- _EXERCISE DIRECTIONS_: In the entries that follow, find the line containing "Damen Midikleid aus" and the line containing "Kia Seltos 2.0", then copy exactly everything from the first through the second except the pictures.

- _INFORMATION SHOWN_:
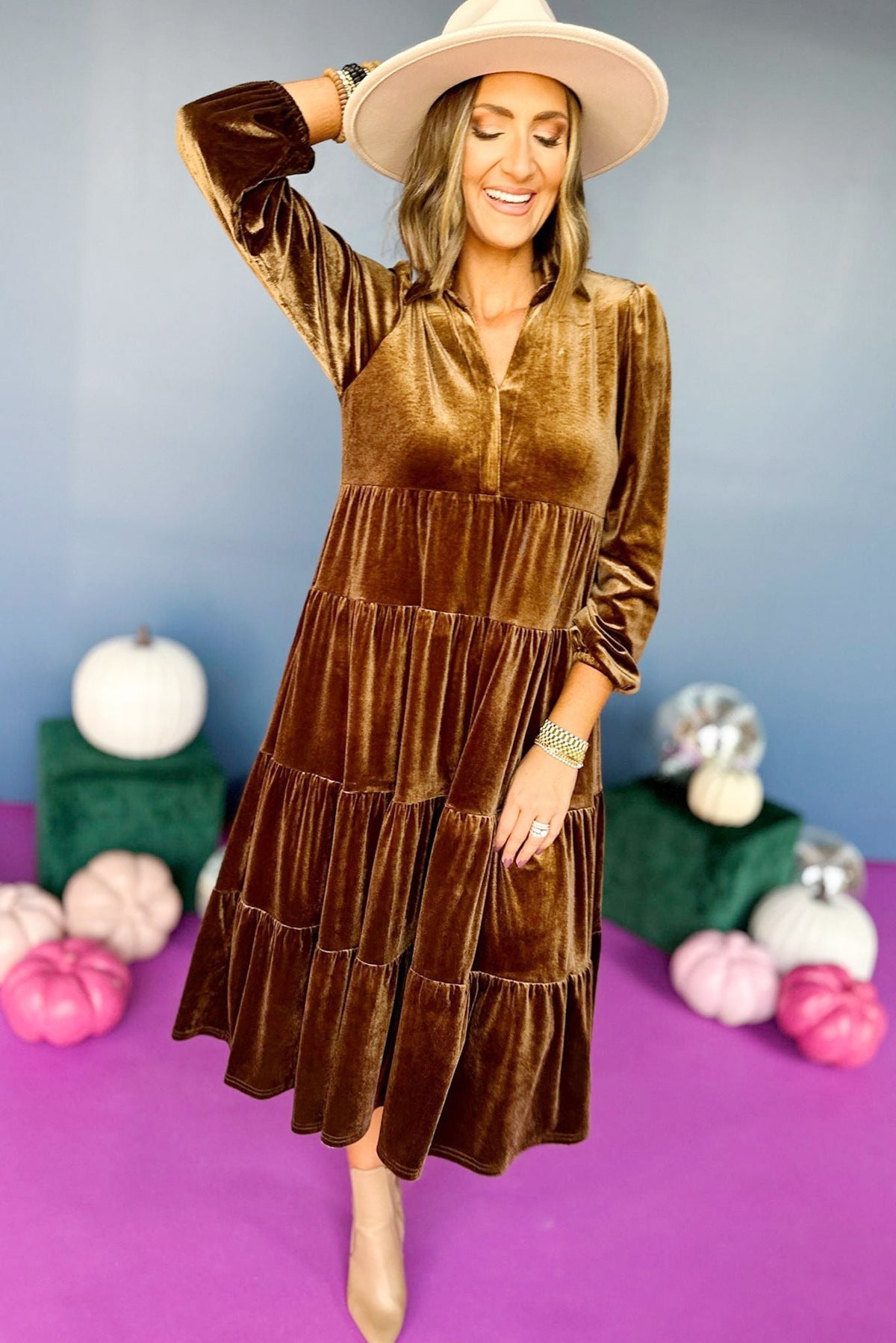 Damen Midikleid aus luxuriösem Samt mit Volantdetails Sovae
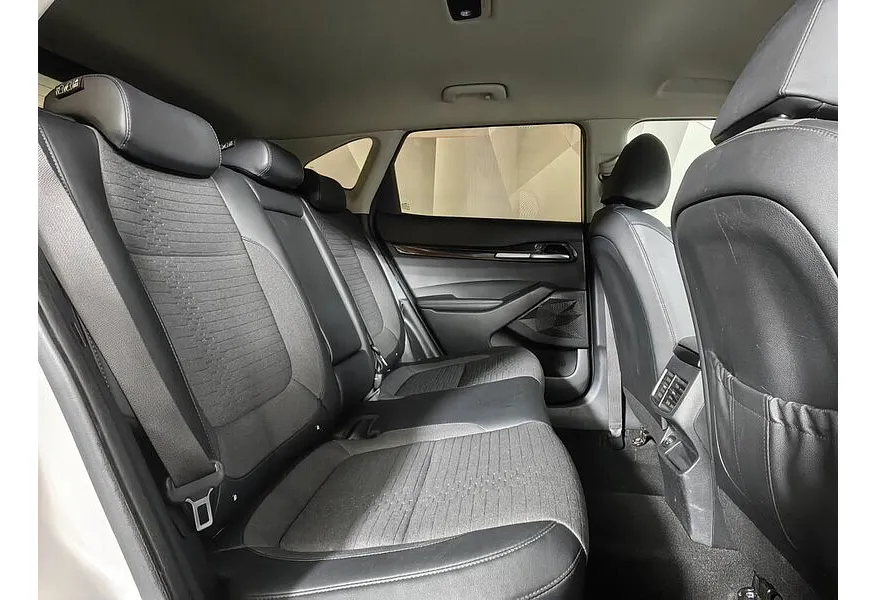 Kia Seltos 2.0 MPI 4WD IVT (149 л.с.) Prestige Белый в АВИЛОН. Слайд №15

==

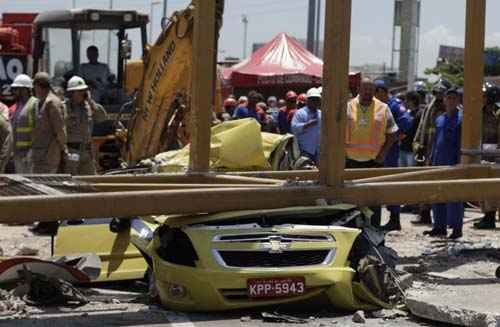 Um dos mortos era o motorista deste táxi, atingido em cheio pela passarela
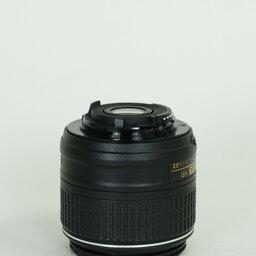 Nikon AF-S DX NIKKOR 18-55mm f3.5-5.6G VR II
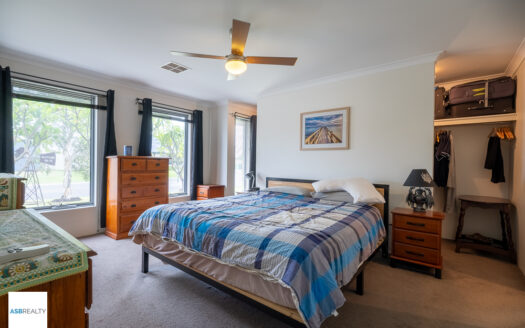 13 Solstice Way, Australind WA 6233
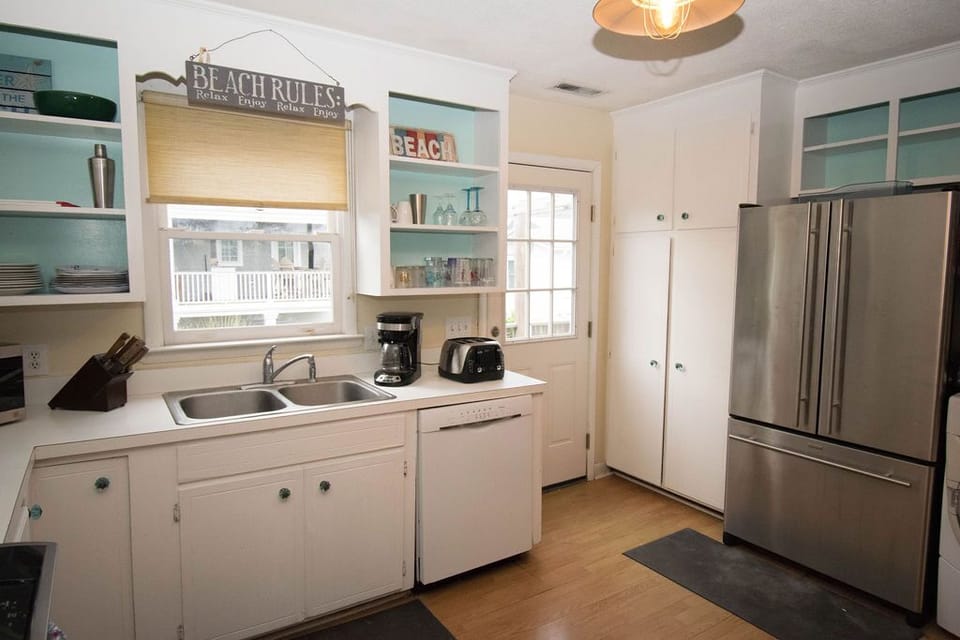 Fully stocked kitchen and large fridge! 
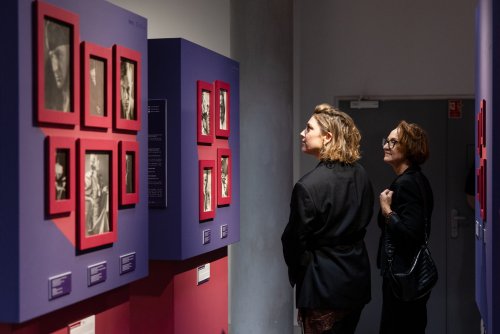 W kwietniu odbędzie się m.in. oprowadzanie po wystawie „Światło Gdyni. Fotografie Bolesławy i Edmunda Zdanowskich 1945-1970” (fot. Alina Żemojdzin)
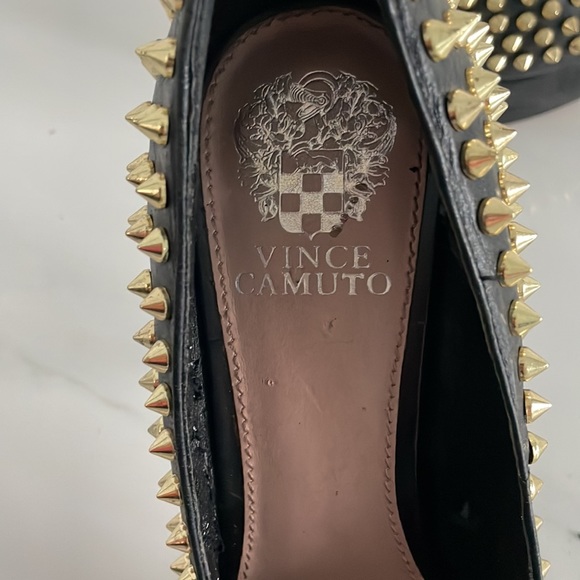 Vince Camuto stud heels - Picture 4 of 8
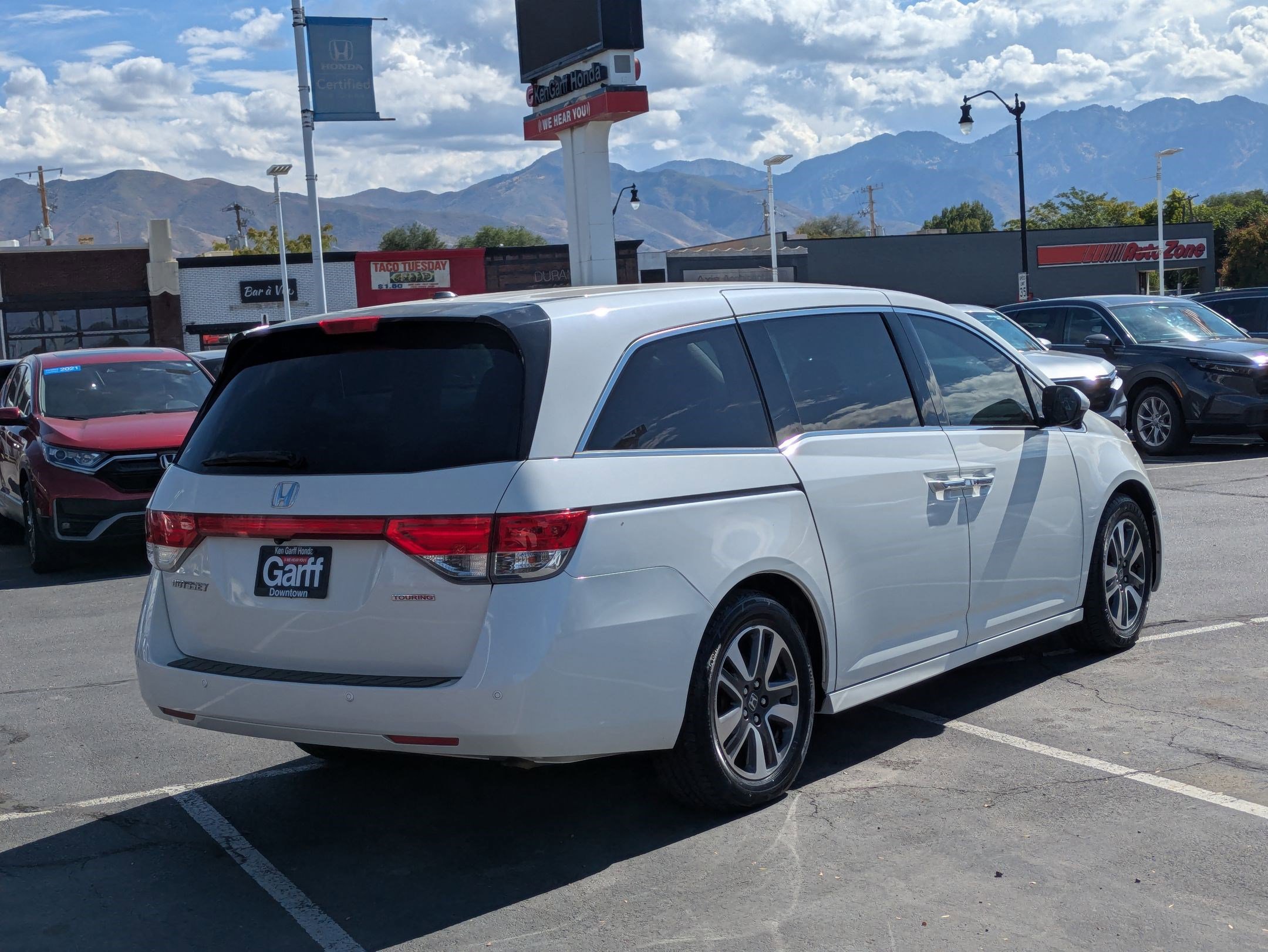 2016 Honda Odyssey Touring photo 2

- _EXERCISE RESPONSE_:
 Damen Midikleid aus luxuriösem Samt mit Volantdetails Sovae
 Kia Seltos 2.0 MPI 4WD IVT (149 л.с.) Prestige Белый в АВИЛОН. Слайд №15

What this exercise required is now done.